In data_analytics_process_expansion.py, comment out line 32 to 38 (inclusive), uncomment line 23 to 29 and 40 to 46 (inclusive).
Upload the new data_analytics_process_expansion.py to a GCS bucket.
Run gcloud dataproc jobs submit pyspark gs://path_to_your_file_from_last_step --cluster=your_cluster --region=us-central1 --jars=gs://spark-lib/bigquery/spark-bigquery-latest_2.12.jar using Cloud Shell.

Alternatively, you can run the PySpark code using my cluster:

In data_analytics_process_expansion.py, comment out line 32 to 38 (inclusive), uncomment line 23 to 29 and 40 to 46 (inclusive).
Re-upload the data_analytics_process_expansion.py to the workshop_example_bucket GCS bucket, overwriting the original file.
In Cloud Shell, run gcloud dataproc jobs submit pyspark gs://workshop_example_bucket/data_analytics_process_expansion.py --cluster=cluster-d630 --region=us-central1 --jars=gs://spark-lib/bigquery/spark-bigquery-latest_2.12.jar.

View results

You can view the results in BigQuery, under the dataset expansion_project:
- ghcnd_stations_joined: merged dataset after the BigQuery query job.
- ghcnd_stations_normalization: dataset after row filtering and unit normalization.
- ghcnd_stations_prcp_mean: arithmetic mean of annual precipitation in western US over the past 25 years
- ghcnd_stations_snow_mean: arithmetic mean of annual snowfall in western US over the past 25 years
- phx_annual_prcp: annual precipitation in Phoenix over the past 25 years (result of distance weighting algorithm)
- phx_annual_snow: annual snowfall in Phoenix over the past 25 years (result of distance weighting algorithm)

⚠️ CAUTION: Before running the DAG, be sure to remove the `ghcnd-stations-joined` dataset since the DAG codes features a `WRITE_APPEND` write disposition and the dataset will double in size every time the DAG runs.

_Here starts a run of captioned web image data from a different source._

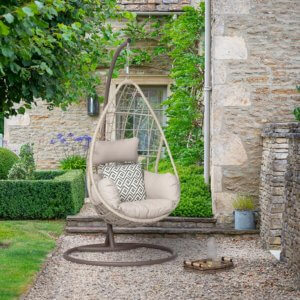 Bramblecrest Tetbury Teardrop Single Cocoon Hanging Chair on a gravel path in a garden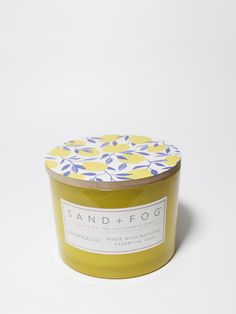 a yellow candle with blue and white flowers on the lid sits in front of a white background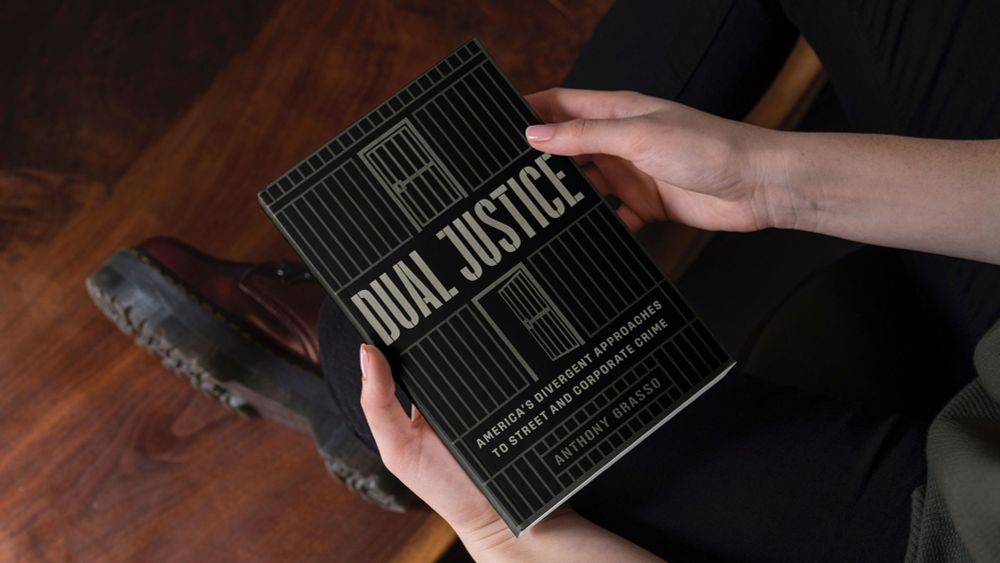 A person's hands holding a book titled "Dual Justice" by professor Anthony Grasso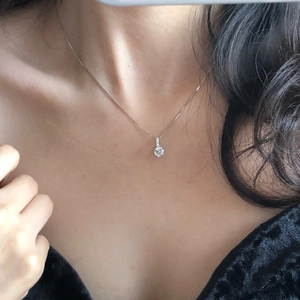 Detail of S925 sterling silver solitaire necklace on model with a black velvet dress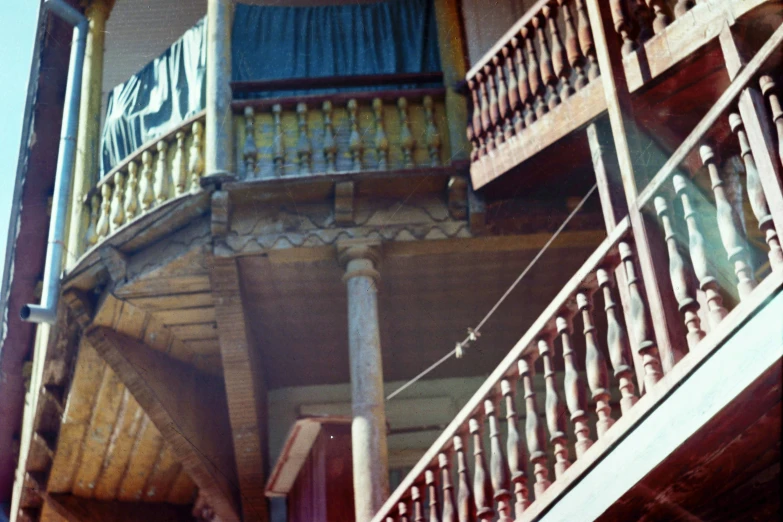 a picture of a balcony and stairs with curtains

You don't have to worry about it if you are only running the PySpark program. However, be sure that the `ghcnd-stations-joined` dataset exists in BQ if you're only running the PySpark code.

Next step

Add test for data_analytics_process_expansion.py.
Delete the print() functions, as they are here only for debugging purposes.

Checklist

I have followed Sample Guidelines from AUTHORING_GUIDE.MD
README is updated to include all relevant information
Tests pass: nox -s py-3.9 (see Test Environment Setup)
Lint pass: nox -s lint (see Test Environment Setup)
These samples need a new API enabled in testing projects to pass (let us know which ones)
These samples need a new/updated env vars in testing projects set to pass (let us know which ones)
Please merge this PR for me once it is approved.
This sample adds a new sample directory, and I updated the CODEOWNERS file with the codeowners for this sample

…t_2022

leahecole · 2022-08-02T14:49:18Z

Ok I haven't even started reviewing but this PR description is 🔥 and because of that it has me excited to review it , well done @kaiyang-code

bradmiro

Looking great! Let me know if you'd like me to clarify any comments.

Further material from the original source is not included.